I haven't heard about any actions contemplated in Arizona. This, it seems to me, would be one of the prime places to hit.
"Ones with whom we vehemently disagree" at one time might have included ...
... different political platforms.
But not nazis or any other political philosophy you find to be bad.
... about forms of church services, ...
But not Islam or any other denomination you find to be bad.
Now it applies to murderers, rapists, child molesters, etc.
Really? Where? Show me. Give me an example.
Do you repudiate an accused's right to the presumption of innocence? Do you repudiate an accused's right to council? Do you repudiate an accused's right to a jury trial? Do you repudiate an accused's right to not be tortured?
The ACLU will defend these rights regardless of the charged offense. Whether you're an embezzler or a baby-raping priest these rights are there and need to be defended.
NAMBLA yet, you know, the "right" of gay men to molest little boys?
The ACLU does not defend the "right" of gay men to molest little boys. That is your bullshit.
What the ACLU defends is NAMBLA's right to speak, as abhorrent as it is. To have a web site where they discuss their ugly philosophy. Only a defense attorney defends the molester and he does that by saying "he didn't do it."

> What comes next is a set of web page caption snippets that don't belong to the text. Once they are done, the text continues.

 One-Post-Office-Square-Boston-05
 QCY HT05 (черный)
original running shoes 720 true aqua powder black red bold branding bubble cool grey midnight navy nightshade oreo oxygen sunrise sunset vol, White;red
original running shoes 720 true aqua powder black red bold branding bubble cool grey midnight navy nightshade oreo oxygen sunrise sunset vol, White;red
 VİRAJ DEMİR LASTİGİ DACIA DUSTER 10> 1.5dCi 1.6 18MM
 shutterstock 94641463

The right defended is "freedom of political speech," not molestation.
Is there nobody here that gets this point, are you ALL twisted?

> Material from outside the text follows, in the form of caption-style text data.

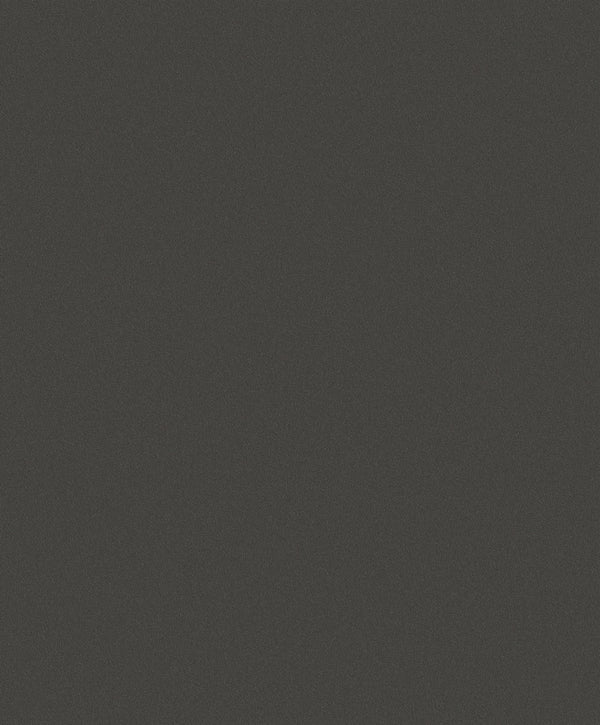 Fiona Nordic Elegance Goosebumps - 630220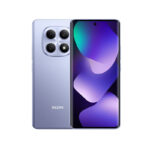 Redmi Note 15 - Image 6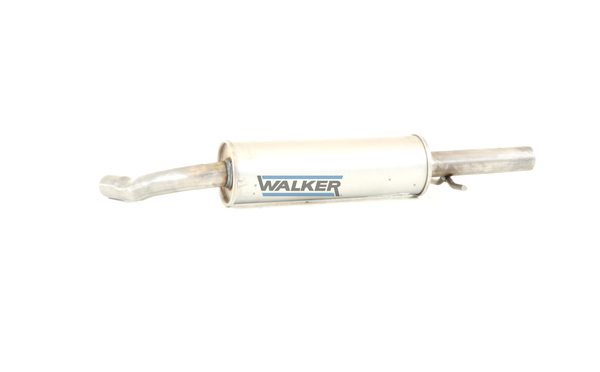 Walker Middendemper 21575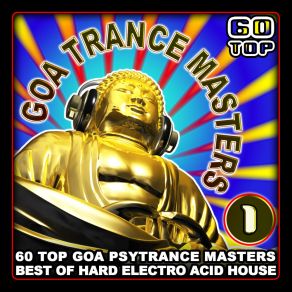 Download track 01 N (Felt Sense) Goa Doc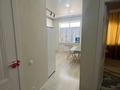 1-комнатная квартира · 45 м² · 7/7 этаж, 19-й мкр 21 за 13 млн 〒 в Актау — фото 2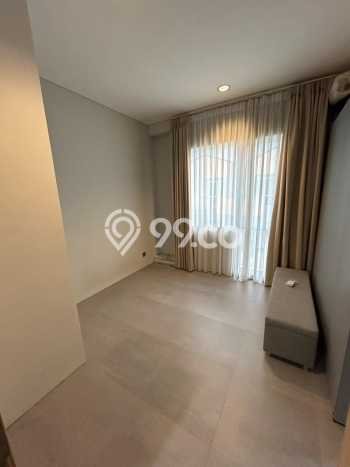 For Sale Rumah 3 Kamar Lokasi Ideal Nyaman dan Strategis di Ciputat For Sale Rumah 3 Kamar Lokasi Ideal Nyaman dan Strategis di Ciputat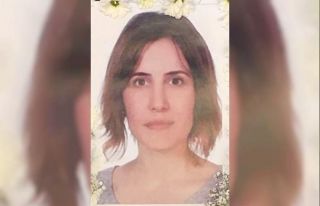 Bursalı öğretmen uykuda hayatını kaybetti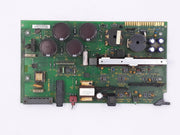 Allen bradley 1771-p4s 120v ac power supply mdl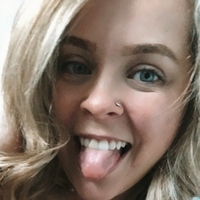 tymberlove Nackt
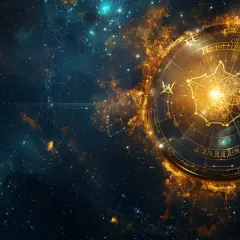 Horoskop Skorpion: Co czeka Cię w najbliższym czasie według zodiaku?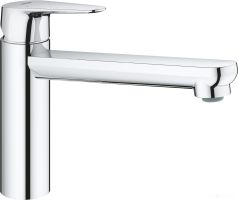 Смеситель Grohe BauCurve 31715000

You do not get the point, do you! To you constitutional rights are only for those you think are worthy. Maybe I should be in charge and find your violent, bloody religion to be not worthy.
The ACLU defended the right to free political speech, not any right of the NAZIs to burn jews. Only by hearing the NAZIs spew their garbage can society abhor and reject their philosophy. That is what "freedom of speech" is all about. And the ACLU defends it at every turn.
quote:The only rights we have are the ones we can defend. When we cannot defend these rights for the least of us, for the ones with whom we vehemently disagree, then we ourselves have no rights.
With all its talk of original sin, hell, lake of fire, the bloodshed you hope to see one day in Revelations, plus your god's history of murdering innocent civilians, non-combatant women and children, ethnic cleansing writ large, not to mention the wholesale slaughter of the population of an entire planet, then you must feel that there can be no right to "free speech" for this criminal and sociopathic sort nor for the adherents of such a vile, sick and demented philosophy.
Edited by AZPaul3, : No reason given.
Edited by AZPaul3, : I'll get it right, eventually.
Even if the whole society says it's OK a child is going to know there's something wrong with the situation.
No, that is a lie. Something you made up.
Actually I think there is quite a bit of truth to this.
If our society sanctioned gay parentage we would still have entire communities of religious bigots rubbing the childrens' young innocent faces in the mud telling them their "parents" are sinners and that they are all going to burn in hell because they are not normal.
That will certainly give a child pause.
If the christian bigots would practice their creed and treat all the little ones with the love they deserve then there would be no sad little faces being taunted by christian bullies in the schoolyard.
So Faith is correct. The poor children will have concerns because the christians will keep throwing stones at them.